- **GIVEN ENTRIES**:
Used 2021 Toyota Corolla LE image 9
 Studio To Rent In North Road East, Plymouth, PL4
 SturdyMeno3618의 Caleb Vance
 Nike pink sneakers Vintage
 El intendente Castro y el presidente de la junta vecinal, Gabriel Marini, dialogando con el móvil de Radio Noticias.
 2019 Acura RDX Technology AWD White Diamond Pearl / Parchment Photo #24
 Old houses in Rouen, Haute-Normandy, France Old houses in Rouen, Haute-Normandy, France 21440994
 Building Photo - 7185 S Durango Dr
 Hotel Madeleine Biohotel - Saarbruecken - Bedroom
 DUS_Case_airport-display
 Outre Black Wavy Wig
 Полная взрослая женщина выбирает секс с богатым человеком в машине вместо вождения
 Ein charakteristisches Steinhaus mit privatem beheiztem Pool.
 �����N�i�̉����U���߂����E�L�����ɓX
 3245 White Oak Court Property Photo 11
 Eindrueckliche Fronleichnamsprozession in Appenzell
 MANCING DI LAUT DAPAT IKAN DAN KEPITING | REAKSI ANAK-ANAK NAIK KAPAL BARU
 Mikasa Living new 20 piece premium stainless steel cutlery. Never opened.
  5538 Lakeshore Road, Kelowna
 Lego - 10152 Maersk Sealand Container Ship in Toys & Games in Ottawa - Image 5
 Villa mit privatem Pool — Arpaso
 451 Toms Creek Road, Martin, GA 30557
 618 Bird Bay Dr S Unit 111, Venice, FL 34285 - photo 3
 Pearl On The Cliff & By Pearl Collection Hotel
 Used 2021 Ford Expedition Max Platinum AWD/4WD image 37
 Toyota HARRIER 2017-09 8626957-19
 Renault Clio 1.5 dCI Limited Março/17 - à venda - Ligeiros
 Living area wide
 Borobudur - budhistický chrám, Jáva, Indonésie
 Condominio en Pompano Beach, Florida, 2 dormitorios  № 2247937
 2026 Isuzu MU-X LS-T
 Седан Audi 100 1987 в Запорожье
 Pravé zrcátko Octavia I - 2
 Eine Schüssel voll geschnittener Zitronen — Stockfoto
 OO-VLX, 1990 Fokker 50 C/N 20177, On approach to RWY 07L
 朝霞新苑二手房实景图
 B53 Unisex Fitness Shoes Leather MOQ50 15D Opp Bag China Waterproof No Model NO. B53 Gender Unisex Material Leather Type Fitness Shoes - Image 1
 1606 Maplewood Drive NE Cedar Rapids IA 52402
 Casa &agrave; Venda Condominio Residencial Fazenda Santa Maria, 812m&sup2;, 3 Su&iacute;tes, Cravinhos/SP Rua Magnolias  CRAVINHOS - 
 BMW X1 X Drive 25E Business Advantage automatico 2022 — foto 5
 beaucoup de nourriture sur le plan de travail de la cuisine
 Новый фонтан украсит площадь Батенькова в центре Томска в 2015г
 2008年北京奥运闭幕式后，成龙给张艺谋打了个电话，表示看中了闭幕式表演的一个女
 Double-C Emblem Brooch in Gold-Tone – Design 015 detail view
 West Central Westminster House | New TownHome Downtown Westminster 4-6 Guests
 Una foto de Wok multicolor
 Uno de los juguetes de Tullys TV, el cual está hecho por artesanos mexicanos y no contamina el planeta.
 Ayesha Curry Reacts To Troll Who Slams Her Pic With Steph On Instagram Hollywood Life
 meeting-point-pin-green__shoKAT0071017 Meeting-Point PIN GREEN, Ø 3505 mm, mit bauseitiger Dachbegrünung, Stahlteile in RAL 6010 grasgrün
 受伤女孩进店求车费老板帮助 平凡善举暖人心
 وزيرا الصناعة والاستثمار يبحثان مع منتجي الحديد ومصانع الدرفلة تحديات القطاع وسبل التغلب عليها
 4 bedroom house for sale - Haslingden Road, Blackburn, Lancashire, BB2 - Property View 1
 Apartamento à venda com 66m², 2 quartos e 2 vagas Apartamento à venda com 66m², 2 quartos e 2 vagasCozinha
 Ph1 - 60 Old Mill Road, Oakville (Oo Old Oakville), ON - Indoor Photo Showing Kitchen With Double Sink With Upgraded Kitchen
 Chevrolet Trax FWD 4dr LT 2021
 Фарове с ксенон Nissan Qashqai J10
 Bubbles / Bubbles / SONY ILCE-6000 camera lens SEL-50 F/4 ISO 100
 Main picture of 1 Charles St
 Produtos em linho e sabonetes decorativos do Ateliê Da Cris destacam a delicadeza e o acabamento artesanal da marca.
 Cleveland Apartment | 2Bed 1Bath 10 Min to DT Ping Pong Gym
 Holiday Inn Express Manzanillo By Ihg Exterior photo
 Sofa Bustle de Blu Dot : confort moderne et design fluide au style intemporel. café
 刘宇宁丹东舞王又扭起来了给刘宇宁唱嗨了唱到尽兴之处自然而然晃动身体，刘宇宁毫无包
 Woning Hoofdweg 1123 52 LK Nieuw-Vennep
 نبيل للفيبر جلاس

- **ACTIVITY**: Retype word for word everything in the listing above from the line that holds "Lego - 10152" down to the line that holds "West Central Westminster". Keep both end lines and leave out the rest.

- **EXERCISE RESPONSE**:
 Lego - 10152 Maersk Sealand Container Ship in Toys & Games in Ottawa - Image 5
 Villa mit privatem Pool — Arpaso
 451 Toms Creek Road, Martin, GA 30557
 618 Bird Bay Dr S Unit 111, Venice, FL 34285 - photo 3
 Pearl On The Cliff & By Pearl Collection Hotel
 Used 2021 Ford Expedition Max Platinum AWD/4WD image 37
 Toyota HARRIER 2017-09 8626957-19
 Renault Clio 1.5 dCI Limited Março/17 - à venda - Ligeiros
 Living area wide
 Borobudur - budhistický chrám, Jáva, Indonésie
 Condominio en Pompano Beach, Florida, 2 dormitorios  № 2247937
 2026 Isuzu MU-X LS-T
 Седан Audi 100 1987 в Запорожье
 Pravé zrcátko Octavia I - 2
 Eine Schüssel voll geschnittener Zitronen — Stockfoto
 OO-VLX, 1990 Fokker 50 C/N 20177, On approach to RWY 07L
 朝霞新苑二手房实景图
 B53 Unisex Fitness Shoes Leather MOQ50 15D Opp Bag China Waterproof No Model NO. B53 Gender Unisex Material Leather Type Fitness Shoes - Image 1
 1606 Maplewood Drive NE Cedar Rapids IA 52402
 Casa &agrave; Venda Condominio Residencial Fazenda Santa Maria, 812m&sup2;, 3 Su&iacute;tes, Cravinhos/SP Rua Magnolias  CRAVINHOS - 
 BMW X1 X Drive 25E Business Advantage automatico 2022 — foto 5
 beaucoup de nourriture sur le plan de travail de la cuisine
 Новый фонтан украсит площадь Батенькова в центре Томска в 2015г
 2008年北京奥运闭幕式后，成龙给张艺谋打了个电话，表示看中了闭幕式表演的一个女
 Double-C Emblem Brooch in Gold-Tone – Design 015 detail view
 West Central Westminster House | New TownHome Downtown Westminster 4-6 Guests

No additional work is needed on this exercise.